In the wilderness, a computer readies a new nuclear arsenalBy Tim Reid
April 7, 2006
On a rare tour of the US nuclear laboratory in Los Alamos, our correspondent is shown a project to replace warheads that many believe Britain is not only watching but is deeply involved in.
http://images.thetimes.co.uk/TGD/picture/0,,286679,00.jpg"Dance" is a new installation that captures electrons and will be an integral part of the new replacement warhead programme (Peter Nicholls/The Times)

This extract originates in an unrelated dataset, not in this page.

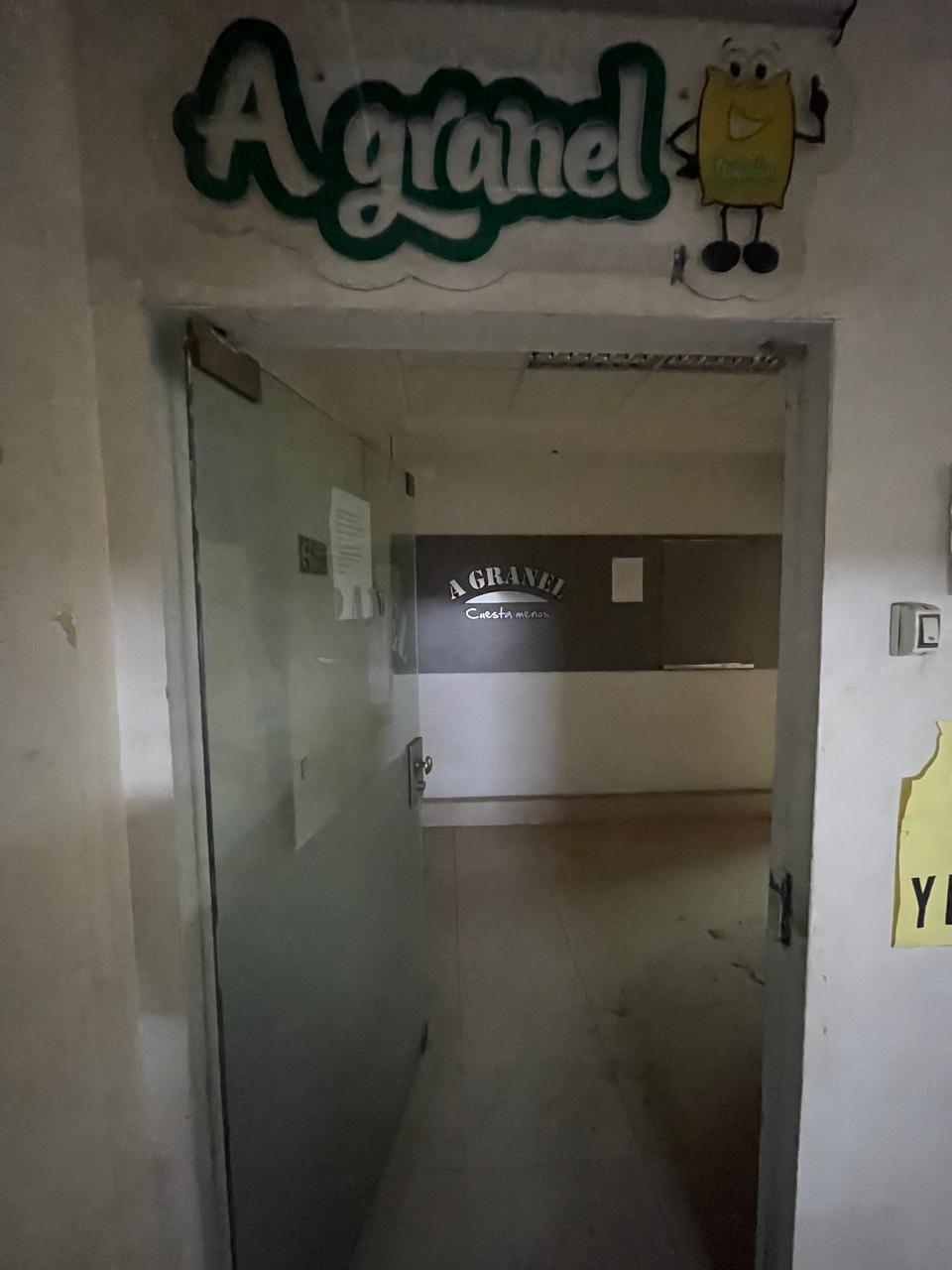 ¡OPORTUNIDAD ÚNICA! ALQUILAMOS  Ex Supermercado de 640m en Pleno Centro y Mercado Norte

DEEP in the heart of America’s leading nuclear weapons complex sits a computer so large that it fills a room the size of a football field — a dazzling spectacle of blinking lights that churns out 20 trillion mathematical calculations a second.
Named “Q”, after the gadget-inventing boffin in the James Bond films, it is the nerve centre of the Los Alamos Nuclear Laboratory, a 40,000 square mile (104,000 sq km) complex deep in the wilderness of New Mexico ringed with high-security fencing and armed guards.
Here a 67m (220ft) long electron accelerator X-rays exploding uranium at a billion frames per second. Here some of the world’s most brilliant physicists operate gas guns, electron microscopes and neutron scatterers and pore over data like excited children. Here, six decades ago, the atom bomb was born when the secret Manhattan Project produced Little Boy and Fat Man, the bombs dropped on Hiroshima and Nagasaki. Today Los Alamos is focused on creating a new generation of nuclear warheads.